> [Work to complete]
Transcribe each entry exactly; skip the images.

BEGIN

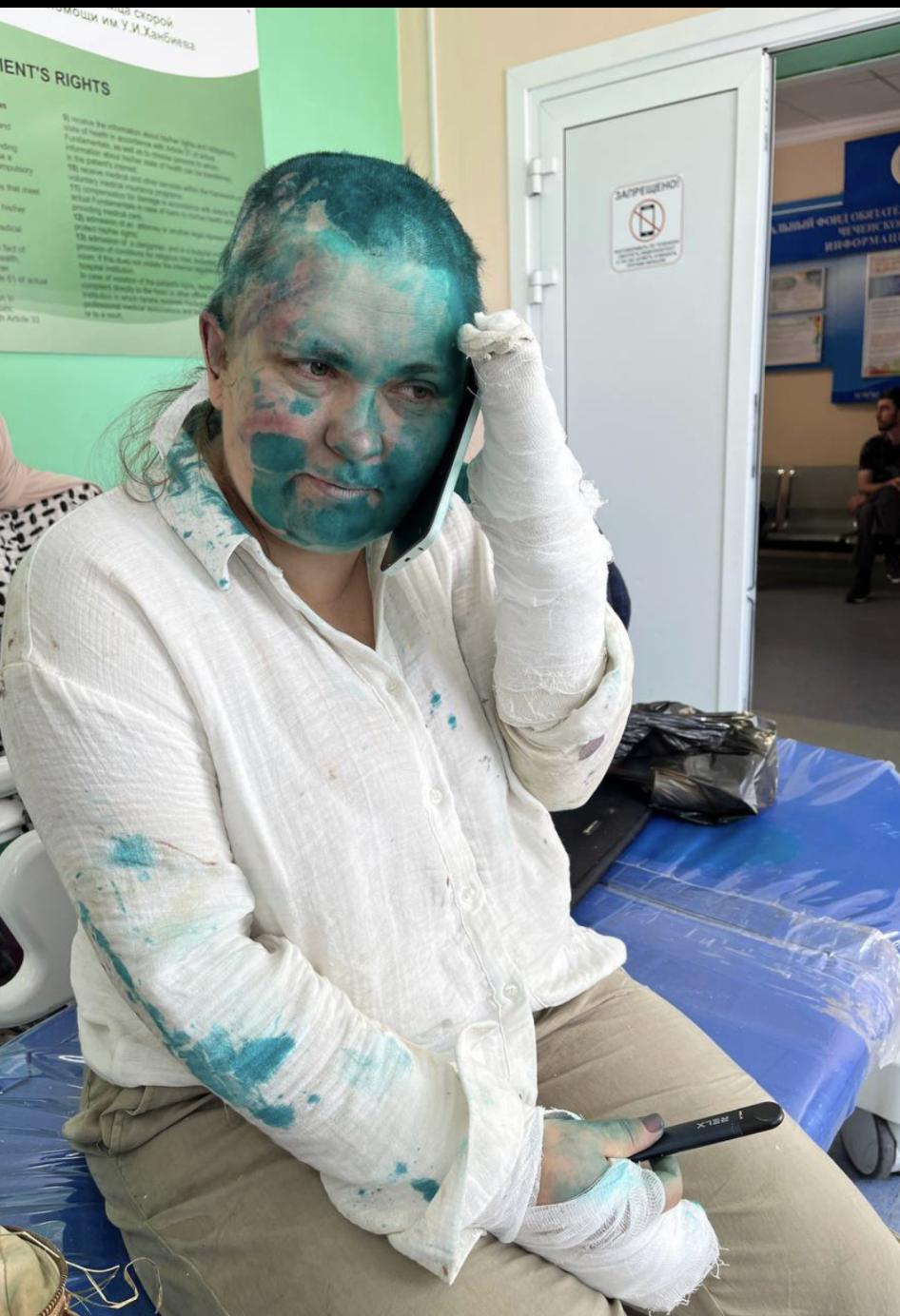 Elena Milashina, photographiée le 4 juillet 2023 dans un hôpital de Grozny, la capitale de la république de Tchétchénie en Russie, après avoir été violemment agressée plus tôt dans la journée.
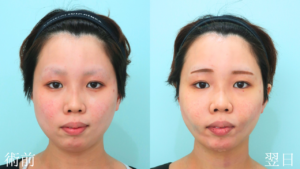 『脱丸顔へ『下顔面』をスッキリさせるフルコース』の画像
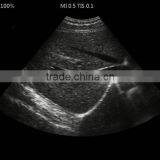 UProbe-20 Probe Type Ultrasound Scanner for Laptop thumbnail-4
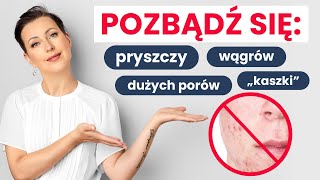 PRYSZCZE WĄGRY ŚWIECENIE  przyczyny i skuteczne metody na pozbycie się ich [upl. by Ellives]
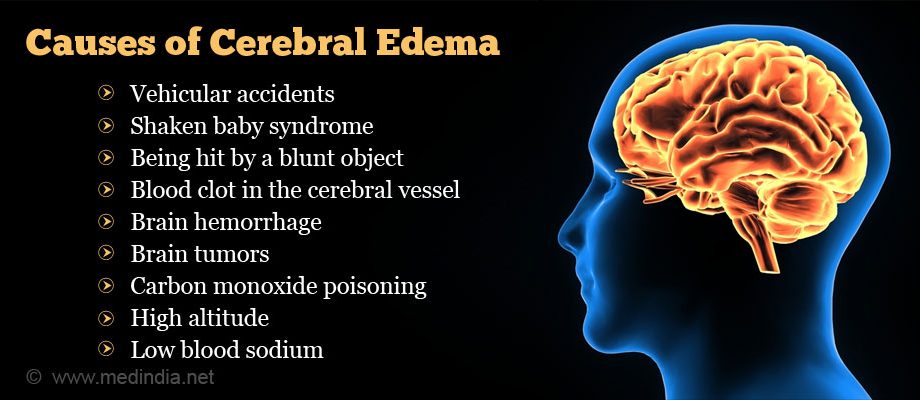 Cerebral edema in adults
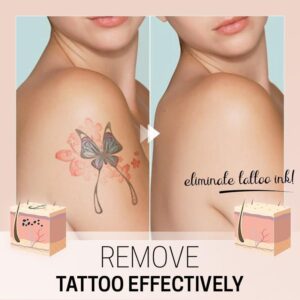 TatEraser Tattoo Removal Cream - Image 2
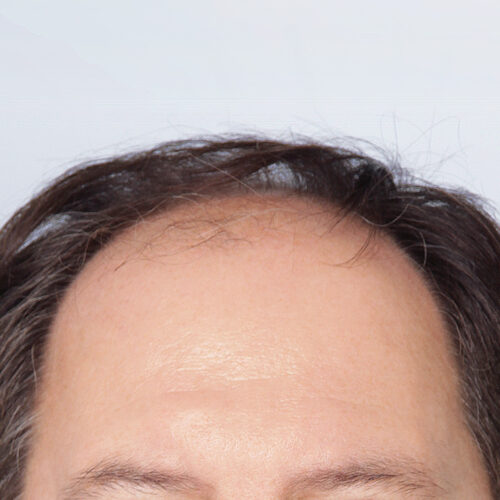 32a-59422-aspect-ratio-500-500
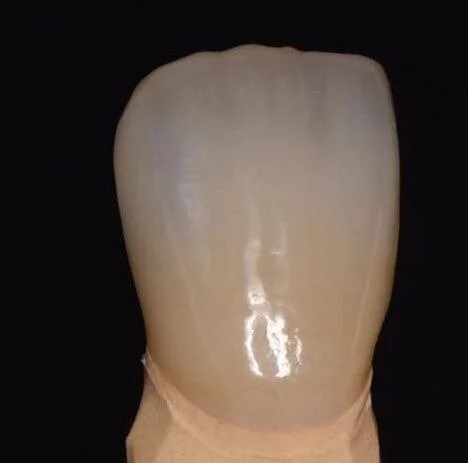 Close-up van een menselijke tand met glanzende glazuurlaag, zwart achtergrondelement.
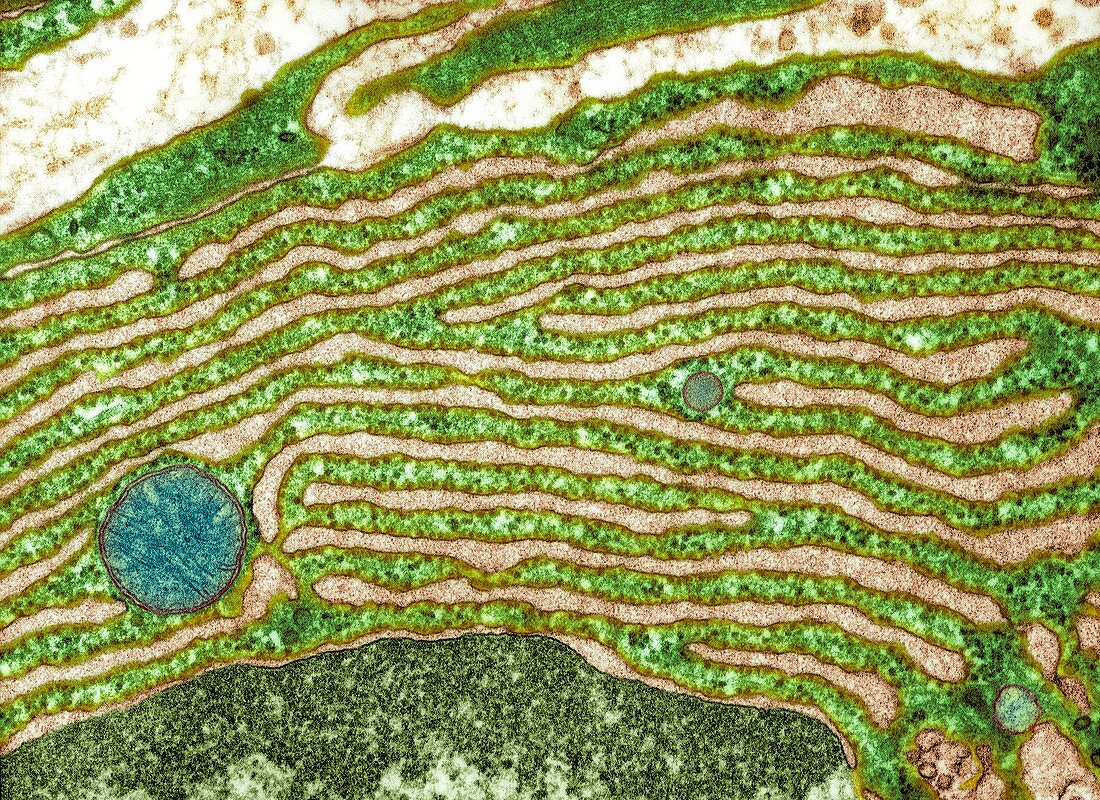Rough endoplasmic reticulum,TEM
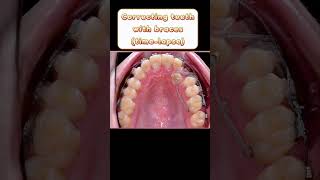 Correcting teeth with braces timelapse teethbraces orthodontics shorts [upl. by Sand]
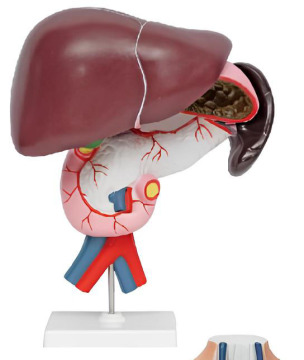 Celiac artery with cloth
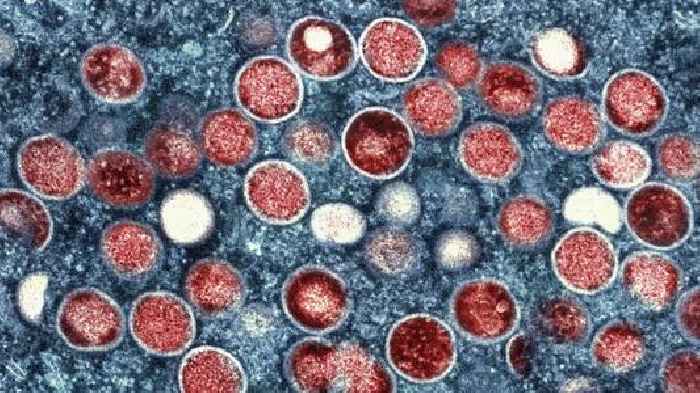 World Health Organization Looks To Change Monkeypox Name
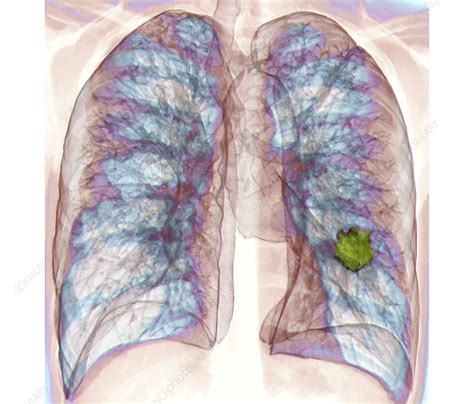 Lung Cancer 3d Ct Scan Stock Image C021 2257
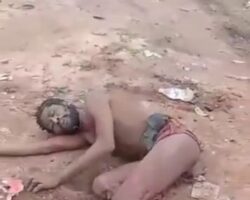 Man in agonizing shock after losing leg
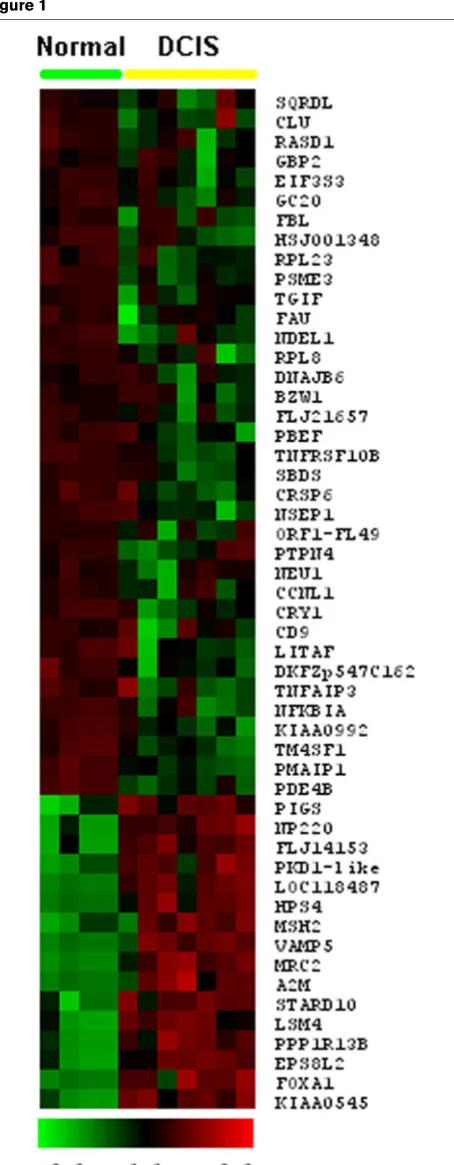 Figure 1As expected, we detected various ribosomal genes amongthe most abundant transcripts in all the breast SAGE librar-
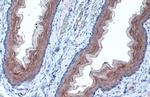 TUBA1A Antibody in Immunohistochemistry (Paraffin) (IHC (P))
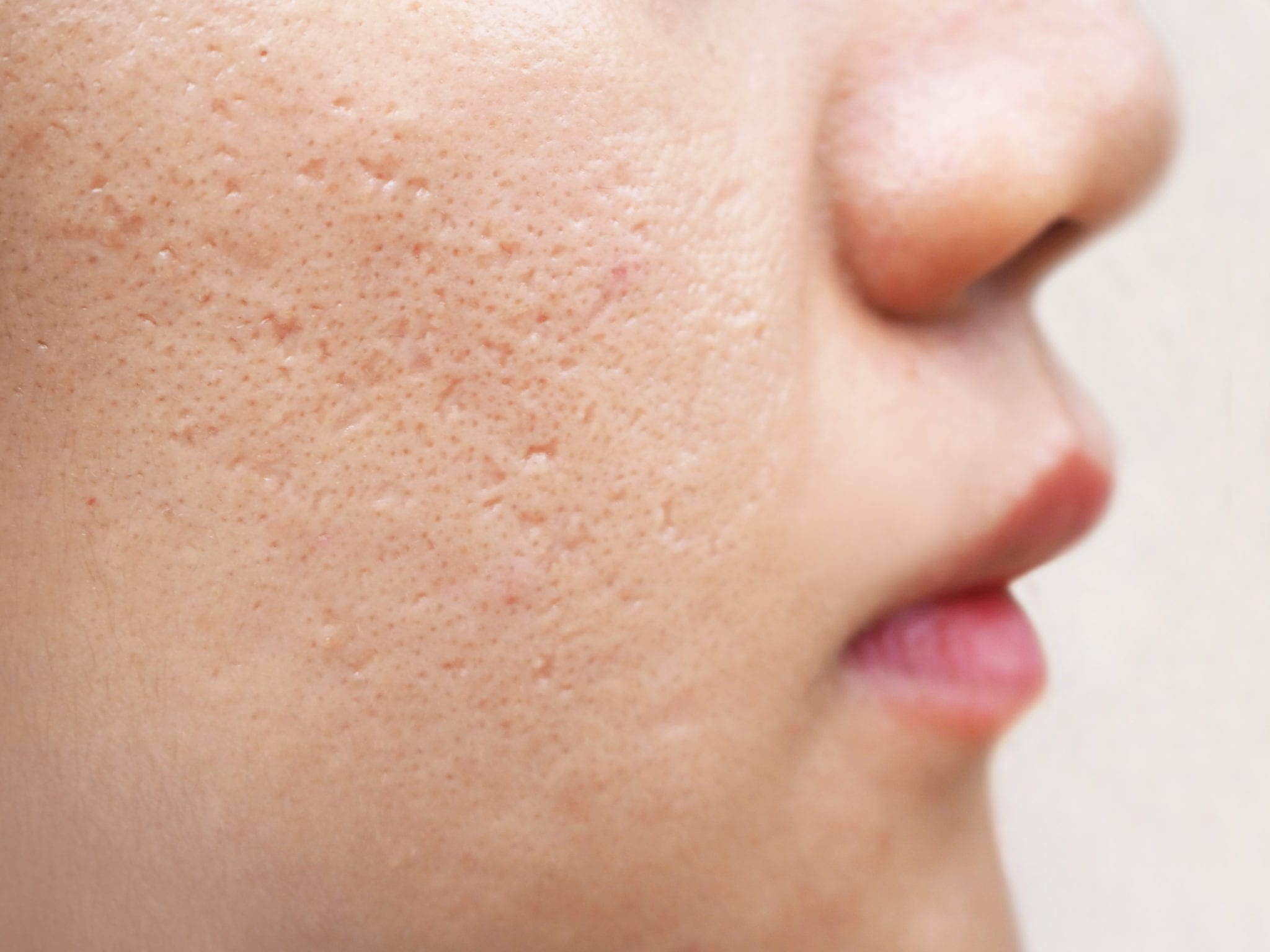 9 Helpful Steps to Consider When Acne Persists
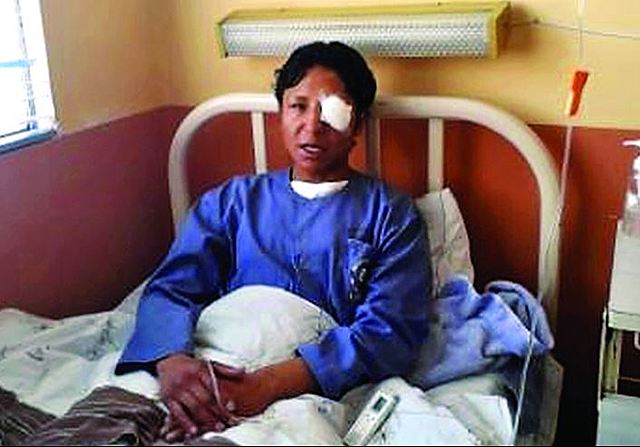 Un joven perdió el ojo izquierdo y otro estudiante, tres dedos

END

> [Result of this exercise]
 Elena Milashina, photographiée le 4 juillet 2023 dans un hôpital de Grozny, la capitale de la république de Tchétchénie en Russie, après avoir été violemment agressée plus tôt dans la journée.
 『脱丸顔へ『下顔面』をスッキリさせるフルコース』の画像
 UProbe-20 Probe Type Ultrasound Scanner for Laptop thumbnail-4
 PRYSZCZE WĄGRY ŚWIECENIE  przyczyny i skuteczne metody na pozbycie się ich [upl. by Ellives]
 Cerebral edema in adults
 TatEraser Tattoo Removal Cream - Image 2
 32a-59422-aspect-ratio-500-500
 Close-up van een menselijke tand met glanzende glazuurlaag, zwart achtergrondelement.
Rough endoplasmic reticulum,TEM
 Correcting teeth with braces timelapse teethbraces orthodontics shorts [upl. by Sand]
 Celiac artery with cloth
 World Health Organization Looks To Change Monkeypox Name
 Lung Cancer 3d Ct Scan Stock Image C021 2257
 Man in agonizing shock after losing leg
 Figure 1As expected, we detected various ribosomal genes amongthe most abundant transcripts in all the breast SAGE librar-
 TUBA1A Antibody in Immunohistochemistry (Paraffin) (IHC (P))
 9 Helpful Steps to Consider When Acne Persists
 Un joven perdió el ojo izquierdo y otro estudiante, tres dedos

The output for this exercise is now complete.